- By Isobel Campbell and Mark Lanegan - Vanguard
Since Isobel Campbell, vocalist/instrumentalist and founding member of Glasgow-based Belle & Sebastian, left that band in 2002, she has become best known for honing a duet persona in collaboration with former Screaming Trees and Queens of The Stone Age vocalist Mark Lanegan. After a number of solo efforts, including the notable Amorino in 2003, Campbell hit paydirt with her initial collaboration with Lanegan, who provides low, gravelly, whiskey-soaked counterpoint to Campbell's wispy, ethereal delivery, resulting in the excellent Ballad of Broken Seas in 2006 and their 2008 follow-up, Sunday at Devil Dirt. For their third collaborative release, Hawk, the duo has reached a surprising new level.
"When we're in the studio [Mark] always turns around to me and says, ‘I trust you to do all the heavy lifting,'" said Campbell on her label's website. And though it's Campbell's direction, arrangements, song choices and production ("the heavy lifting"), Lanegan's contribution is significant. His voice is iconic and classic, leaning toward Johnny Cash with a natural, instinctive delivery that rides the rails between singing and talking. This "crooner" aspect of the prolific Lanegan is no secret. He has delivered tragic sea shanties, cracked blues and broken pop/folk songs throughout his solo career, dating from 1990's The Winding Sheet.
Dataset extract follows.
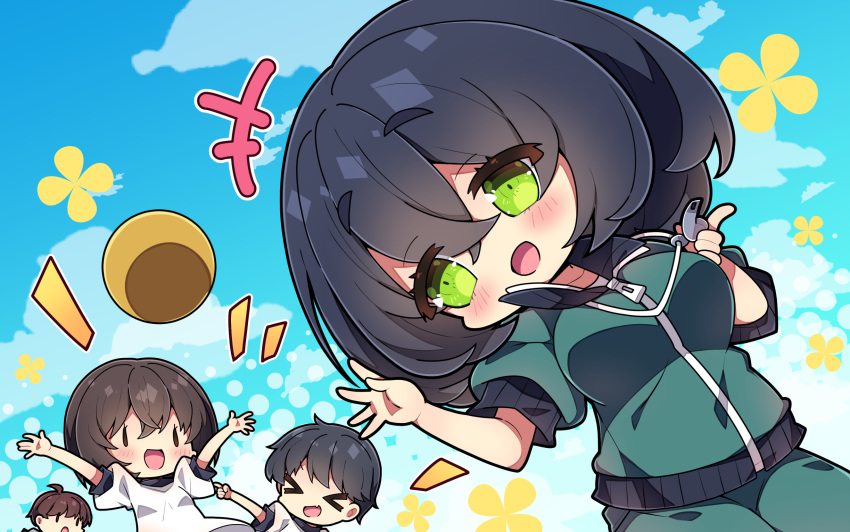 &gt;_&lt; +++ 2boys 2girls :d ball black_hair blue_sky blush breasts brown_eyes brown_hair closed_eyes clouds cloudy_sky commentary_request day fang green_eyes green_jacket green_pants gym_shirt hair_between_eyes halftone halftone_background highres jacket kyoumachi_seika medium_breasts milkpanda multiple_boys multiple_girls notice_lines outdoors outstretched_arm outstretched_arms pants puffy_short_sleeves puffy_sleeves shirt short_sleeves sky smile solid_oval_eyes track_jacket track_pants track_suit voiceroid whistle whistle_around_neck white_shirt xd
Affinity with the ’60s duo Lee Hazelwood and Nancy Sinatra has been evident from the duo's inception, and Hawk contains several nods to Hazelwood/Sinatra, especially in "Time of the Season" (not The Zombies song). The "Bang, Bang (I Shot My Baby Down)" homage in "Sunrise" features Campbell's lone spectral vocal.
But those comparisons end there. From the opening cut "We Die and See Beauty Again," a delicate, deathly ballad cut from Nick Cave's cloth, to the powerfully dense pulse of "You Won't Let Me Down Again," to the smoky sway of "Come Undone," they explore a wide swath of musical styles. Campbell has also aided in tempering Lanegan's execution, most evident in the album-closer "Lately," an early ’80s Dylan-influenced, country, rock and gospel number that in the hands of a less savvy vocalist might fall into some bizarre cliché. However, Lanegan provides the anchor.
Apart from the misplaced inclusion of Massachusetts-based singer Willy Mason on several songs, including a respectable version of Townes Van Zandt's "No Place to Fall," Campbell has successfully captured an atmosphere of two voices -- Lanegan's and her own -- engaged in an intimate dance. With the contributions of longtime collaborator Jim McCulloch from The Soup Dragons and former Smashing Pumpkins guitarist, James Iha, Hawk is clearly Campbell's strongest and most satisfying work to date. Most importantly, Campbell and Lanegan have earned a place amongst pop music's top shelf of sexy and cool singing duos, alongside the aforementioned Hazelwood/Sinatra and Serge Gainsbourg/Jane Birkin. Their added company couldn't be more welcome in an already classy joint.